Die Bibel zeigt, dass die endzeitliche Welt von solchem Götzendienst geprägt sein wird: "Und die Kaufleute auf Erden werden weinen und Leid tragen über sie, weil ihre Ware niemand mehr kaufen wird, die Ware des Goldes und Silbers und Edelgesteins und die Perlen und köstliche Leinwand und Purpur und Seide und Scharlach und allerlei wohlriechendes Holz und allerlei Gefäß von Elfenbein und allerlei Gefäß von köstlichem Holz und von Erz und von Eisen und von Marmor und Zimt und Räuchwerk und Salbe und Weihrauch und Wein und Öl und Semmelmehl und Weizen und Vieh und Schafe und Pferde und Wagen und Leiber und Seelen der Menschen" (Offb 18,11-13).

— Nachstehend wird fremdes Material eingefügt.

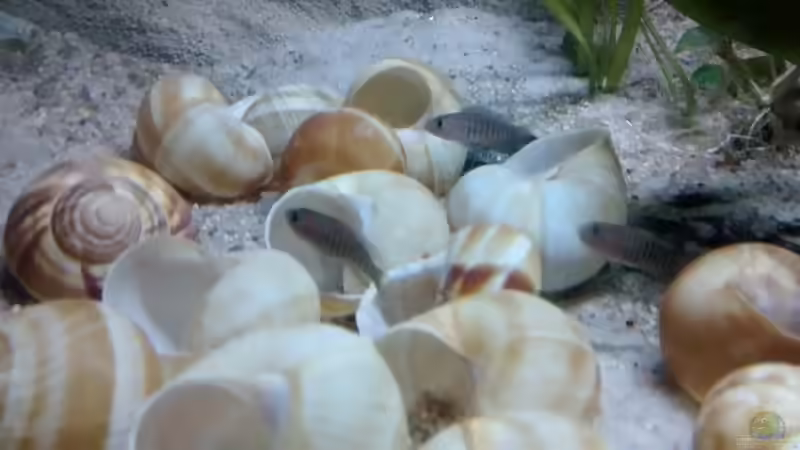 Besatz im Aquarium Maulwurfbecken von Paul8 (12)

Wer sein Vertrauen auf das Geld setzt, ist einem moralischen Laster verfallen, das in der Endzeit zu großer Bedeutung kommt: "Denn es werden Menschen sein, die viel von sich halten, geizig, ruhmredig, hoffärtig, Lästerer, den Eltern ungehorsam, undankbar, ungeistlich …" (2Tim 3,2). Gottes Wort mahnt, Menschen solcher Gesinnung zu meiden (2Tim 3,3b).